• [Work task] Below are the records; give again exactly the lines from the one containing "神奈川県藤沢市ののウッドデッキ リウッドデッキ 200 施工例" through the one containing "TP.HCM dang co", leaving out pictures.

• [Data provided]
========================================

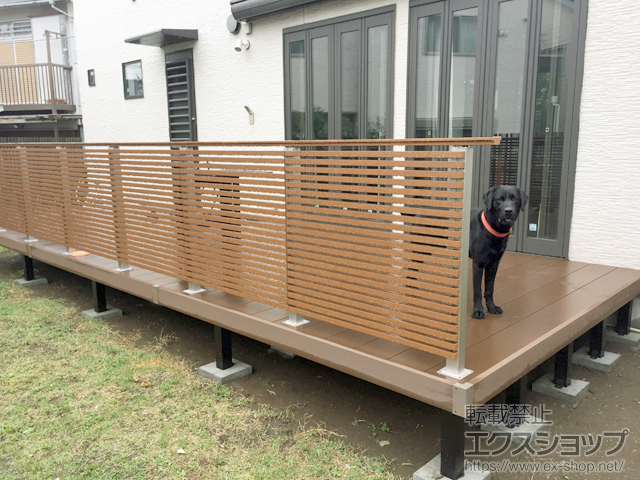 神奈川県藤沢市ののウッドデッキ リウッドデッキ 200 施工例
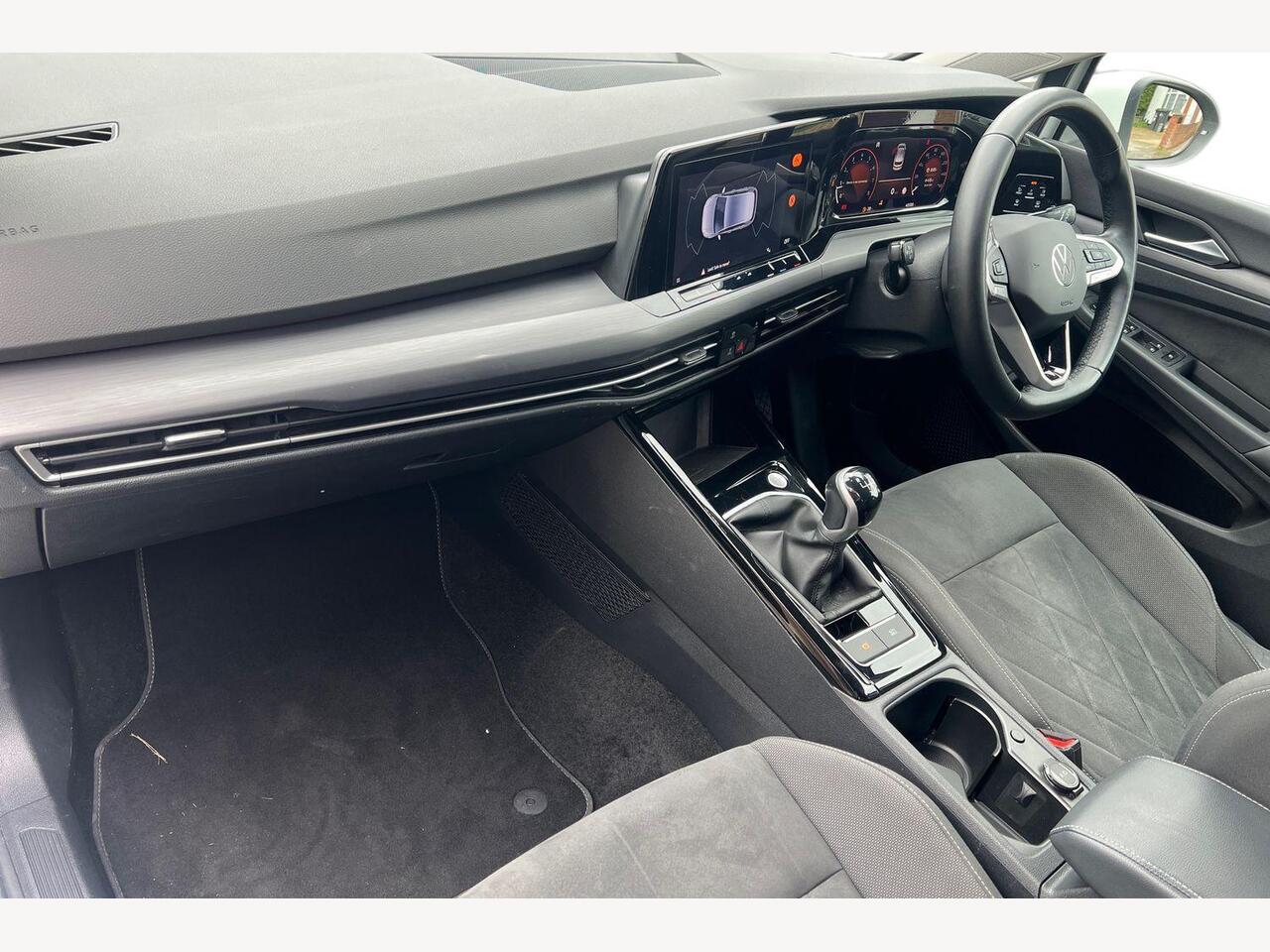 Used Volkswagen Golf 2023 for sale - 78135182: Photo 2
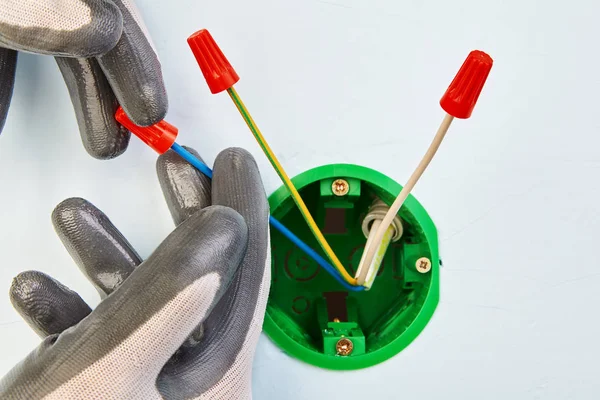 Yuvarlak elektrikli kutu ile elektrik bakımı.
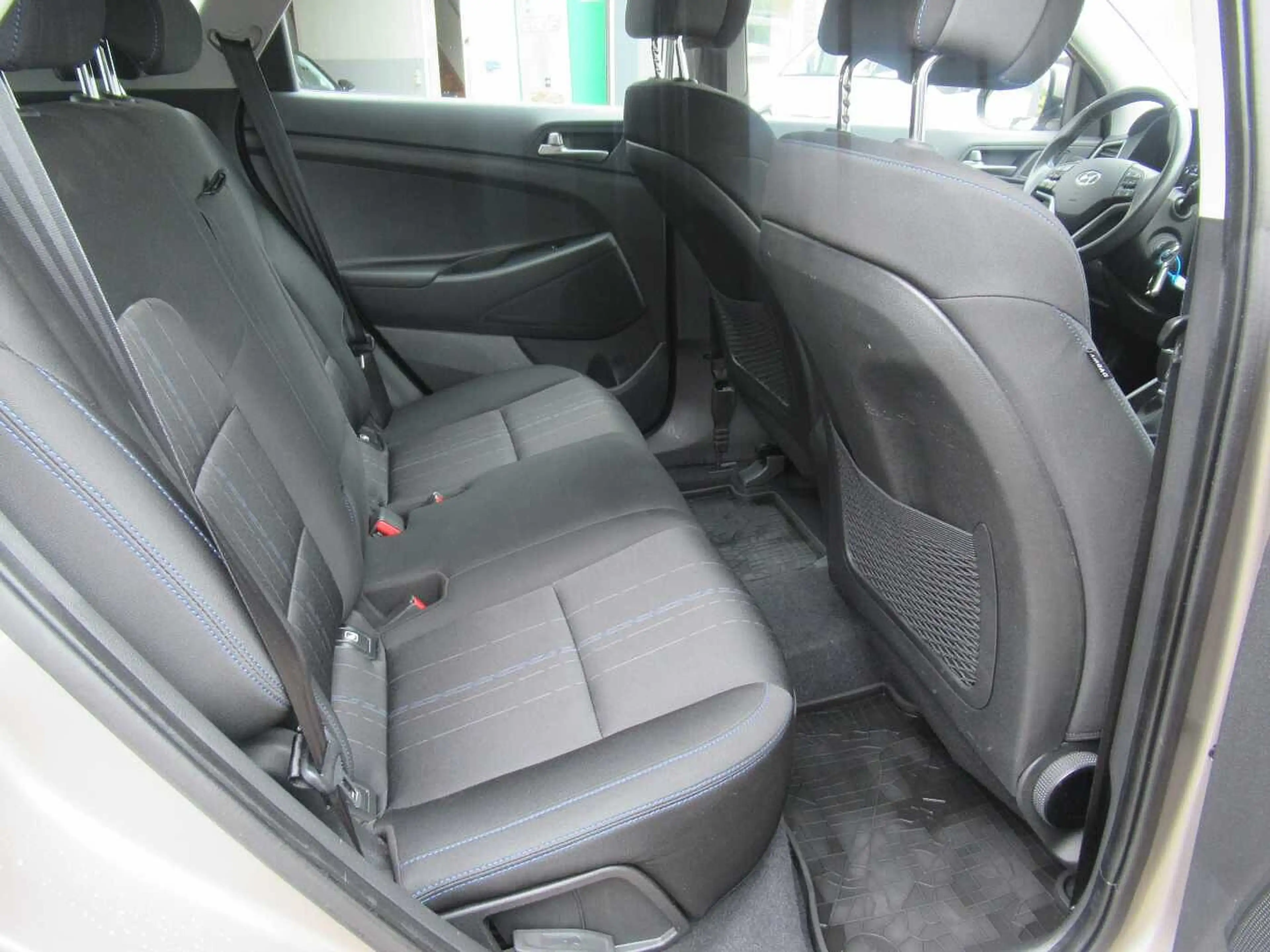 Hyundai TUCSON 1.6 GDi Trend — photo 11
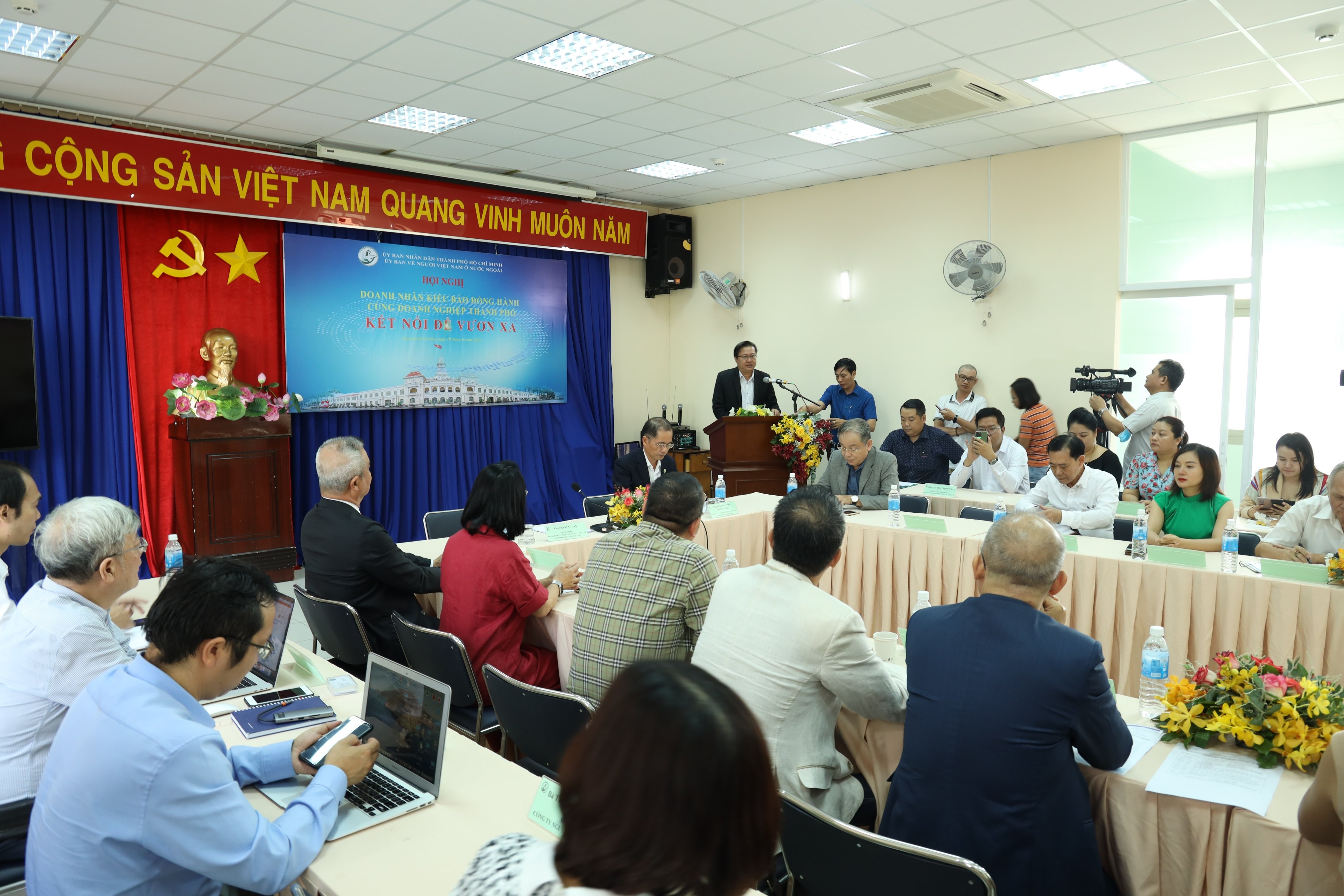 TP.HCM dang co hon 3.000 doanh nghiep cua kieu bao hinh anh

========================================

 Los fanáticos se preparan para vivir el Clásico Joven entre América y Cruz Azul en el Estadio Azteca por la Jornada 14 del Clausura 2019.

========================================

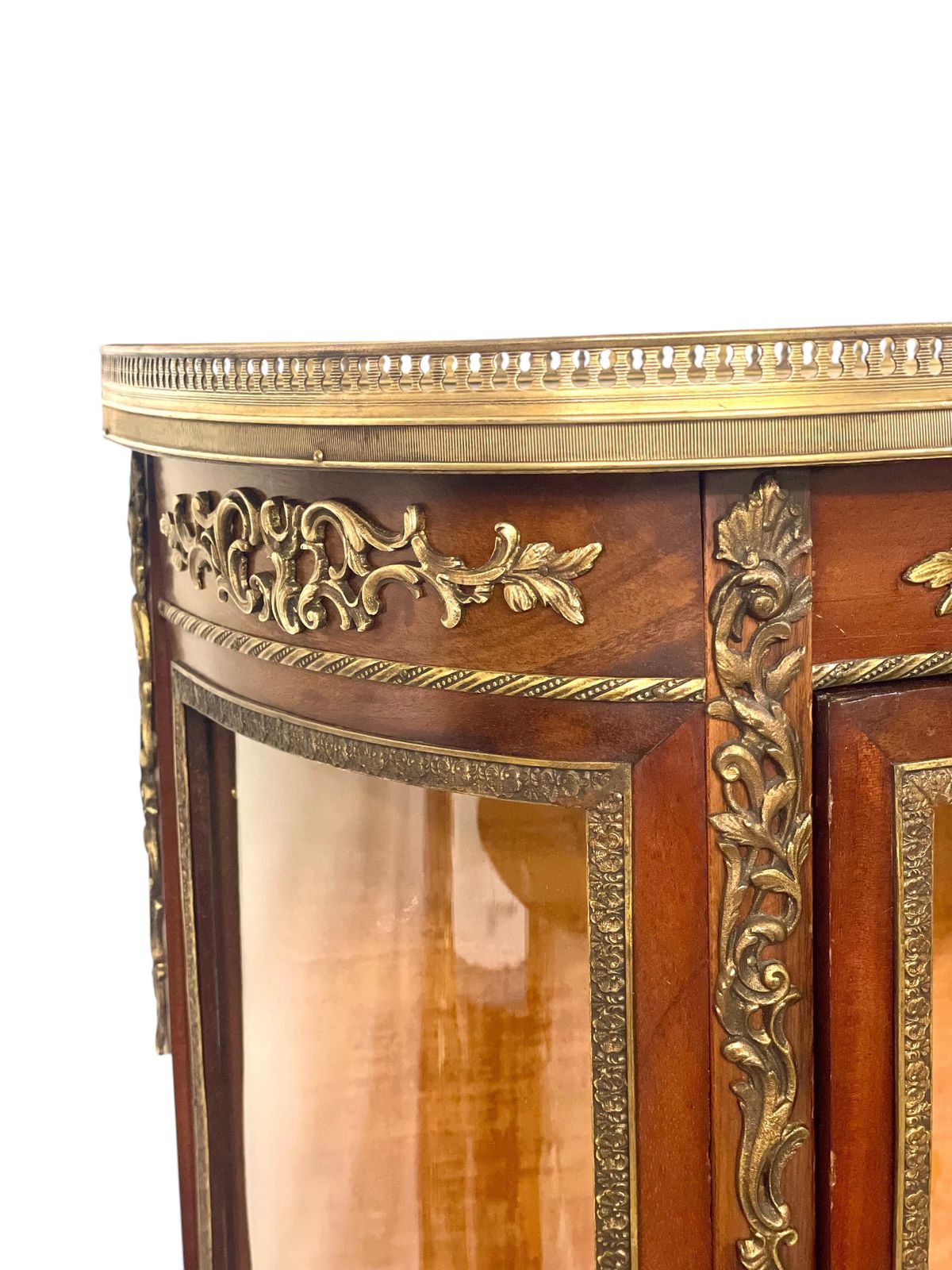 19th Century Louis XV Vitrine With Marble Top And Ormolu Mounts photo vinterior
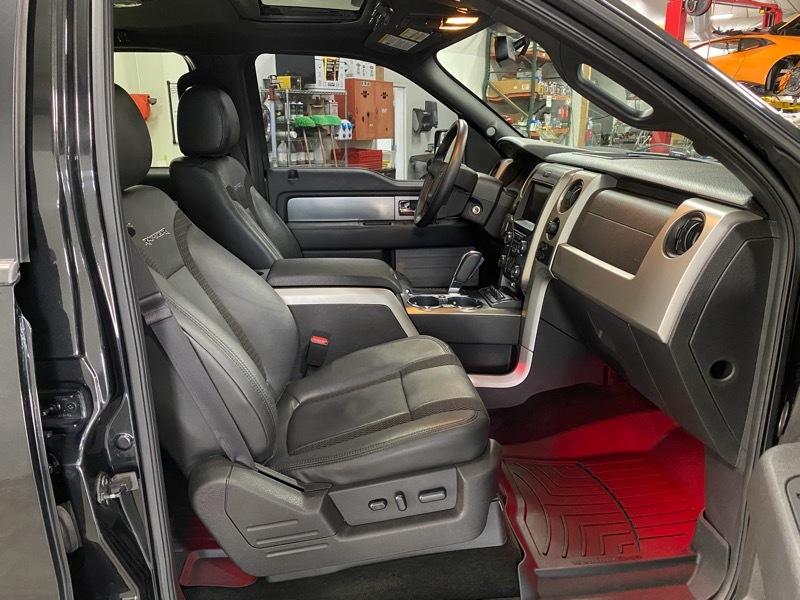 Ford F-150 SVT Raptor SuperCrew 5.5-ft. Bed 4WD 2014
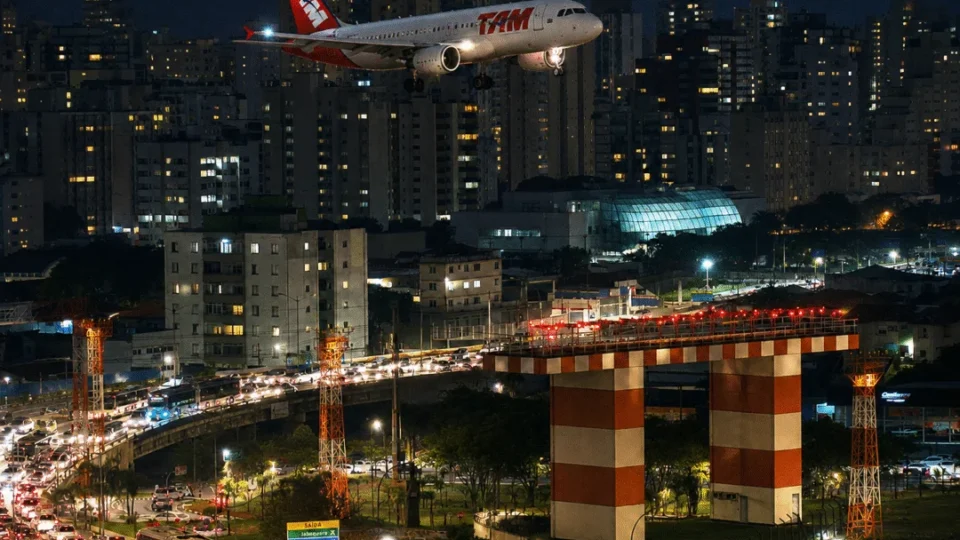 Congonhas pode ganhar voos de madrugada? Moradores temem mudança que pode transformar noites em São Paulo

========================================

• [Output for this exercise]
 神奈川県藤沢市ののウッドデッキ リウッドデッキ 200 施工例
 Used Volkswagen Golf 2023 for sale - 78135182: Photo 2
 Yuvarlak elektrikli kutu ile elektrik bakımı.
 Hyundai TUCSON 1.6 GDi Trend — photo 11
 TP.HCM dang co hon 3.000 doanh nghiep cua kieu bao hinh anh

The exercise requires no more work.